I’m talking about a letter of the handwritten variety.
There is nothing better than receiving something that someone has put a lot of work into, and letters are no exception.
The English language, like a lot of things, has changed over time, but the way we open and close letters has stayed very much the same.
A simple salutation, such as hello, can lead to a million possibilities.
Valedictions, such as from, yours truly, love, sincerely and so on, can establish for the reader the relationship the sender and receiver have.
Ironically, the inevitable eradication of the art of letter writing occurred long before the advent of the Internet.
According to an article from the Washington Post’s website, “In 1919, the Yale Review lamented that ‘the art of writing letters has been lost,’ with blame cast on the telephone, the typewriter, the telegraph and even the train — for delivering letters too promptly.”
While email and social media are fast and efficient, they lack substance.
A handwritten letter shows all the emotion and personality of the person who wrote it.
In the words of American actor and comedian Steve Carell, “Sending a handwritten letter is becoming such an anomaly.
My mom is the only one who still writes me letters.
And there’s something visceral about opening a letter — I see her on the page. I see her in her handwriting.”
There are coffee rings and food residue, fingerprints and tear stains.
Handwritten letters allow us to revel in the drama of love, bear witness to tragedy and sadness, glimpse power and feel anguish.
Not to mention their tangibility.
Sure, you can save or print off an email, but it’s not nearly as special and just does not have the same feeling.
There is just something intimate and personal reading what others have wrote that can become almost voyeuristic in nature.
Yet the mystique of the handwritten letter has become both lost and obscure in this technology-filled age. Some of the only times people now consider “writing a letter” are when they fill out cards for Christmas, birthdays and congratulatory events, such as graduations and engagements.
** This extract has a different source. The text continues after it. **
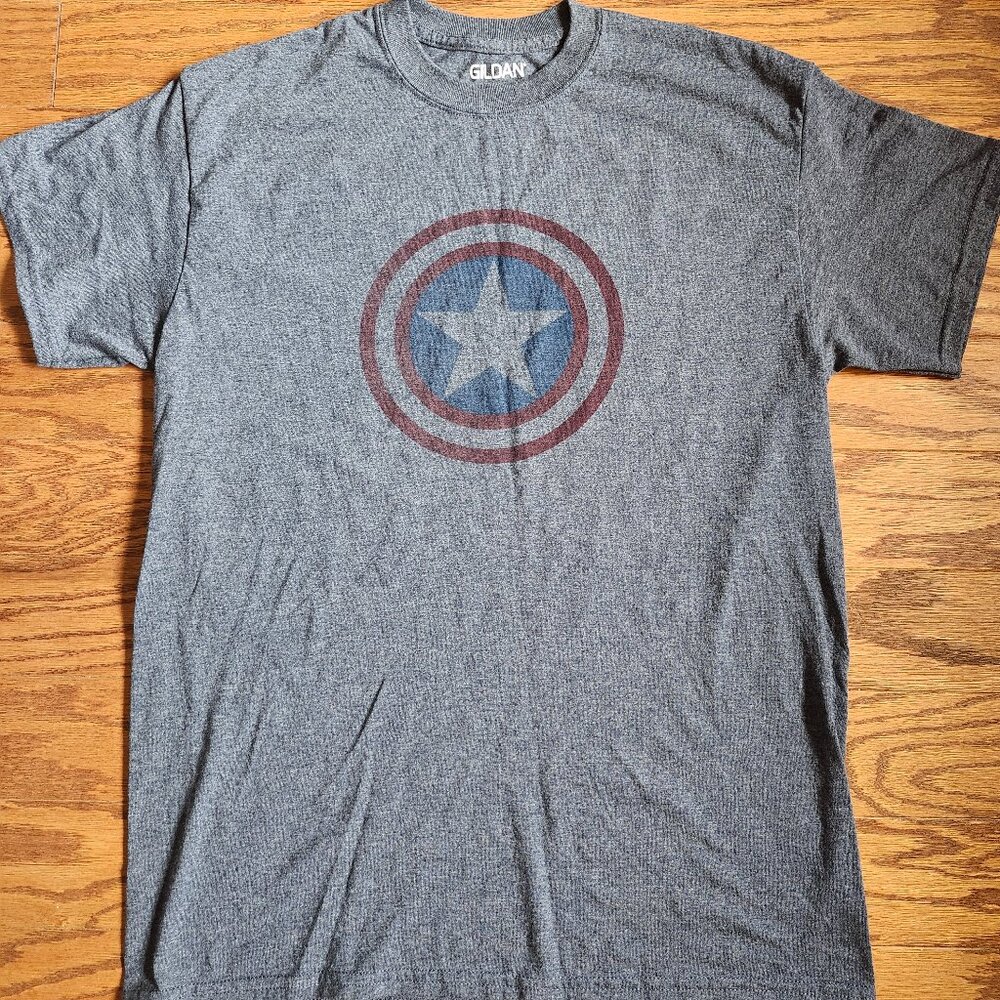 Captain America Denver Broncos Wash Wear T Shirt Classic Distressed Shield Logo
Even then, most people just write the receiver’s name and a short closing, rather than writing a message on the inside of the card, as most cards are already pre-written.
Receiving a letter in the mail is exciting, so why not be excited to write them?
With paper and pens being so readily available to us, there’s no better time like the present to fall in love with the art of letter writing again, or for the first time.